Introduction to the Land — Where Are We?

Map of Amherst College, 1975.
Amherst College campus, 1975

The first time I stepped foot on Amherst campus, I became horrendously lost. I desperately looked for a building sign, an arrow to point me in any direction, or even a human (gasp!) to ask directions from. Standing outside, in the freezing cold experiencing my first winter storm, I found none of these things. 

There are no signs signaling the front of buildings, the back of buildings, or even the names of buildings. There is an air of pompousness, of know-how — why, of course that’s Johnson Chapel! What other building could that be? But to me, a person who struggles with spatial dyslexia, signs are everything. 

So for my first post as a racial history intern, I wanted to focus on space, land, geography. The question that I so often ask myself, “Where am I?” I want to ask in a less rhetorical way, and ask this question in an attempt for answers rooted in historical memory. 

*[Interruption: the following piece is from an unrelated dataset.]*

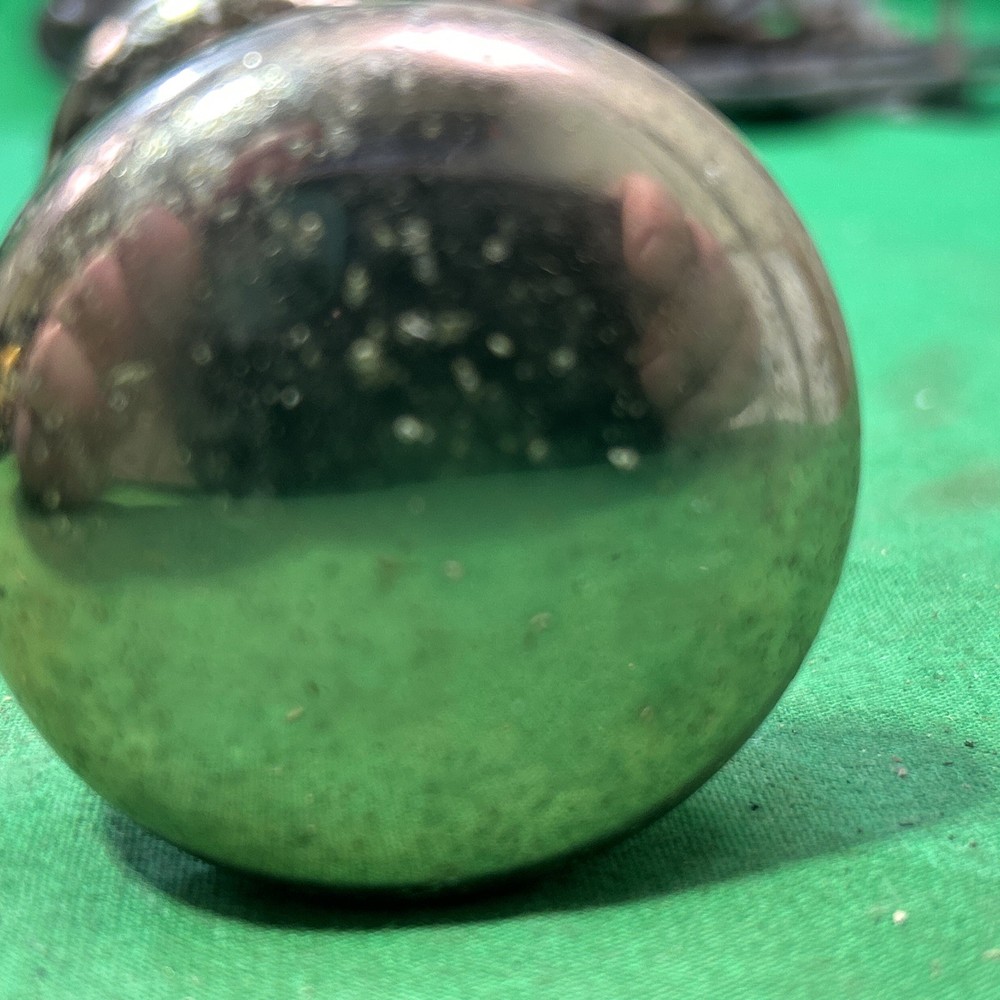 Two 2” Antique Brass Door Knobs W/ Treaded Spindle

This blog post will not be a pretty, tied up together sequence of information dumping. Rather, I formatted this blogpost in an organic style, so that you, the reader, can follow along with me and arrive at the same places that I did, in the same order that I did. This is an attempt to be as transparent as possible about my process, and to use layman’s terms. The information I came upon is out there and readily available, not meant to be obfuscated or hidden. 

Map of Amherst College 1895
Amherst College campus ca. 1895

So to re-iterate, I first asked the simple question — “Where am I?” The obvious, simple answer to that is “Amherst College,” so that is where my search started; looking into the college and its name. In my search, I ended up finding this original document, which I found on the digital Amherst website, is a scan of the original petition for the college to be named “Amherst.” Amherst College is slightly unique in that it is not named after someone, like many elite colleges are. Harvard, for example, is named after Rev. John Harvard, because its original purpose was to educate clergy members (we can delve into the history of philanthropy and the naming of buildings in another blogpost). But Amherst College was simply named after the town, which itself was named after the infamous Lord Jeffrey Amherst, which can be read more about in this article titled, “The town of Amherst – what’s in a name?”.

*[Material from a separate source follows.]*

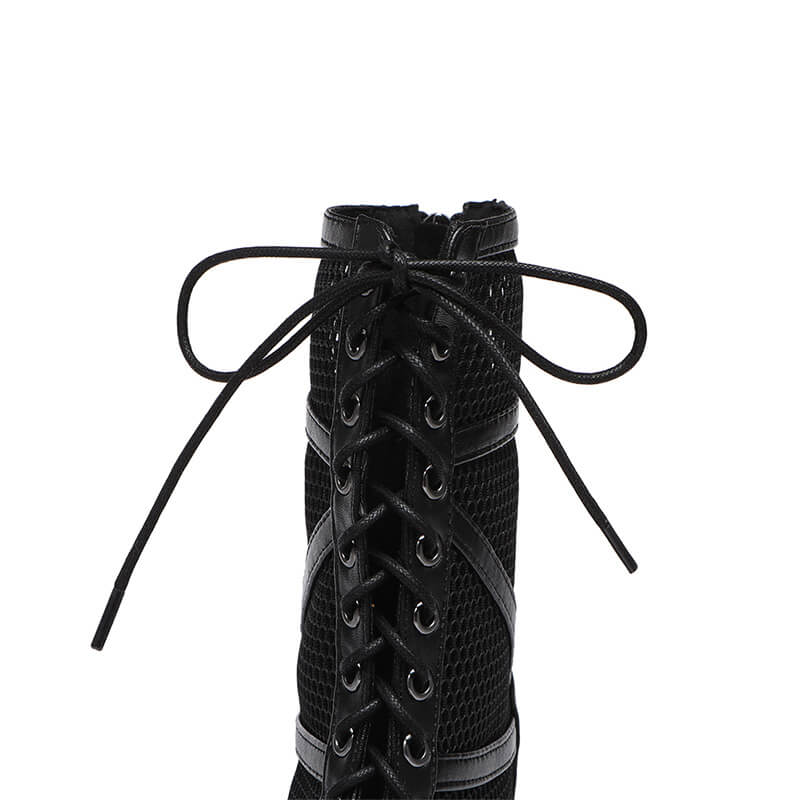 Stylish Women's Mesh Pointed Toe High Heel Ankle Boots - Perfect for Office, Party & Evening Outfits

But surely, I thought to myself as I was rapidly searching on Amherst’s website for more information about the land the school resided on, surely there is more to Amherst than Lord Jeff. More to this land than a man who wrote a letter that said, “You will do well to try to inoculate the Indians by means of blankets, as well as to try every other method that can serve to extirpate this execrable race.” 

Map of Amherst, 1833.
Map of Amherst, 1833. (detail)

Immediately upon finding the simple answer to my original question, more questions followed.  What gives land its identity? What makes Amherst — Amherst? Before there was a Johnson Chapel, or a Moge Tea, or the sprawling sports field, what was there? Or more importantly, who was there, on this very same land, before me? Before any of us? Before Lord Jeff? 

To answer these plethora of questions, I dug further, coming upon the digital archives webpage entitled, “A Glimpse of Early Amherst”, in which there is a brief description on how the “early settlers” came to Amherst with specific reference to the ancestral colonizers that arrived in Hadley in 1631. While that scratched the surface, I knew that wasn’t the whole story. Were the “original settlers” that the archive was referencing the actual first people that were on Amherst land? This brief research just caused me to want to know more.

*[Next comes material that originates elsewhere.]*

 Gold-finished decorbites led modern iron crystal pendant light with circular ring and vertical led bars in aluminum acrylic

With some brief digging around on Amherst’s website, I came across Professor Lisa Brook’s webpage, The Common Pot: The Recovery of Native Space in the Northeast, which features an interactive map that highlights and features different indiginous land and waterways.

Map of Northeastern United States with Indigenous place names
“Mohegan Environs” from The Common Pot.

This map of Mohegan Environs shows the different Indigenous peoples that live(d) on the land. Honestly, I had to cross reference Google Maps and search “Amherst” in order to know where to look. But if one is more geography inclined than me, you would know that Amherst College is stationed on Nonotuck land. 

While all of the information revealed in this blogpost may be obvious to students, alumni, or faculty who have been at Amherst for many years, all of this information was new to me. I came to Amherst College after the mascot was already “mammoths”, after the Lord Jeff’s Inn was re-named the Boltwood, and years after the Amherst Uprising. The history that is foundational to the college, information that is and “should be” so implicit to students — the history of Lord Jeff, that Amherst is on Nonotuck land, or simply what buildings are called and where they geographically are — was not at all obvious to me. Rather than learning about Amherst Uprising or the History of Lord Jeff through classes or even in passing, I had to learn this myself, through my own research. And to be quite honest, I fear the future in which students forget, or even worse, are ignorant of, the history that is foundational to Amherst College.

To use the title of Joyce Carol Oates’ “Where Are You Going, Where Have You Been?” to end this blog post, I end on a note of imploration for not only self-awareness, but awareness of others and of the space and land we occupy. For the history of Amherst College, however dark or however beautiful, to be shared without hesitation, as that is the only way that we can truly pay respect — not by hiding history, but by acknowledging it and swearing to never repeat it again.